WHAT THIS TASK INVOLVES:
Print every line exactly as it appears in the material below.

++++

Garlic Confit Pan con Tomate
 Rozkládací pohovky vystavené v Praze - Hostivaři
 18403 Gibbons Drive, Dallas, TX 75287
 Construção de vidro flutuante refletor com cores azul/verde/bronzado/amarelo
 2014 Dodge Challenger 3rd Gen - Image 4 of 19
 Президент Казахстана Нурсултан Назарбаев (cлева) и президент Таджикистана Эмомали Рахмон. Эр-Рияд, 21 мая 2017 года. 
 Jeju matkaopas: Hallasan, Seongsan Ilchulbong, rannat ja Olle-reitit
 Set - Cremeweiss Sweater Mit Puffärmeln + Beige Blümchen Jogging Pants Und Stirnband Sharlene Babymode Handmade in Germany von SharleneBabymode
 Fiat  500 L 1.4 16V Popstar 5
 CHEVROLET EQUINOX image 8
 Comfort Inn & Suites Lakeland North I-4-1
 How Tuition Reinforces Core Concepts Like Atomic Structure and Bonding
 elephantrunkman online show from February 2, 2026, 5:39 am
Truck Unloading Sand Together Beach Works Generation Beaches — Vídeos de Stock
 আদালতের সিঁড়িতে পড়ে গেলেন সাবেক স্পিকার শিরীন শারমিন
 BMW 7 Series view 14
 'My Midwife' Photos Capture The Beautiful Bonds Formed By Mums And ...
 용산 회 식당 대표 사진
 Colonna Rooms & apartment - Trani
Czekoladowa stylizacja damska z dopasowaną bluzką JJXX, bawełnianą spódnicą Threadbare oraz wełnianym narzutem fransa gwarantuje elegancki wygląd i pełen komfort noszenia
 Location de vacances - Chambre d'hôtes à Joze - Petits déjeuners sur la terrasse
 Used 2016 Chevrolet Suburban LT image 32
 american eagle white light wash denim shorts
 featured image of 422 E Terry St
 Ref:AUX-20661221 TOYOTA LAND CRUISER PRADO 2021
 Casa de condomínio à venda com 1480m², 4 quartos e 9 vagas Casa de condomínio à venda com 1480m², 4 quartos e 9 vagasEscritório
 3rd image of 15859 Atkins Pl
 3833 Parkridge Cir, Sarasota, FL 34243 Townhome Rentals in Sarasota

++++

SOLVED PROBLEM:
Garlic Confit Pan con Tomate
 Rozkládací pohovky vystavené v Praze - Hostivaři
 18403 Gibbons Drive, Dallas, TX 75287
 Construção de vidro flutuante refletor com cores azul/verde/bronzado/amarelo
 2014 Dodge Challenger 3rd Gen - Image 4 of 19
 Президент Казахстана Нурсултан Назарбаев (cлева) и президент Таджикистана Эмомали Рахмон. Эр-Рияд, 21 мая 2017 года. 
 Jeju matkaopas: Hallasan, Seongsan Ilchulbong, rannat ja Olle-reitit
 Set - Cremeweiss Sweater Mit Puffärmeln + Beige Blümchen Jogging Pants Und Stirnband Sharlene Babymode Handmade in Germany von SharleneBabymode
 Fiat  500 L 1.4 16V Popstar 5
 CHEVROLET EQUINOX image 8
 Comfort Inn & Suites Lakeland North I-4-1
 How Tuition Reinforces Core Concepts Like Atomic Structure and Bonding
 elephantrunkman online show from February 2, 2026, 5:39 am
Truck Unloading Sand Together Beach Works Generation Beaches — Vídeos de Stock
 আদালতের সিঁড়িতে পড়ে গেলেন সাবেক স্পিকার শিরীন শারমিন
 BMW 7 Series view 14
 'My Midwife' Photos Capture The Beautiful Bonds Formed By Mums And ...
 용산 회 식당 대표 사진
 Colonna Rooms & apartment - Trani
Czekoladowa stylizacja damska z dopasowaną bluzką JJXX, bawełnianą spódnicą Threadbare oraz wełnianym narzutem fransa gwarantuje elegancki wygląd i pełen komfort noszenia
 Location de vacances - Chambre d'hôtes à Joze - Petits déjeuners sur la terrasse
 Used 2016 Chevrolet Suburban LT image 32
 american eagle white light wash denim shorts
 featured image of 422 E Terry St
 Ref:AUX-20661221 TOYOTA LAND CRUISER PRADO 2021
 Casa de condomínio à venda com 1480m², 4 quartos e 9 vagas Casa de condomínio à venda com 1480m², 4 quartos e 9 vagasEscritório
 3rd image of 15859 Atkins Pl
 3833 Parkridge Cir, Sarasota, FL 34243 Townhome Rentals in Sarasota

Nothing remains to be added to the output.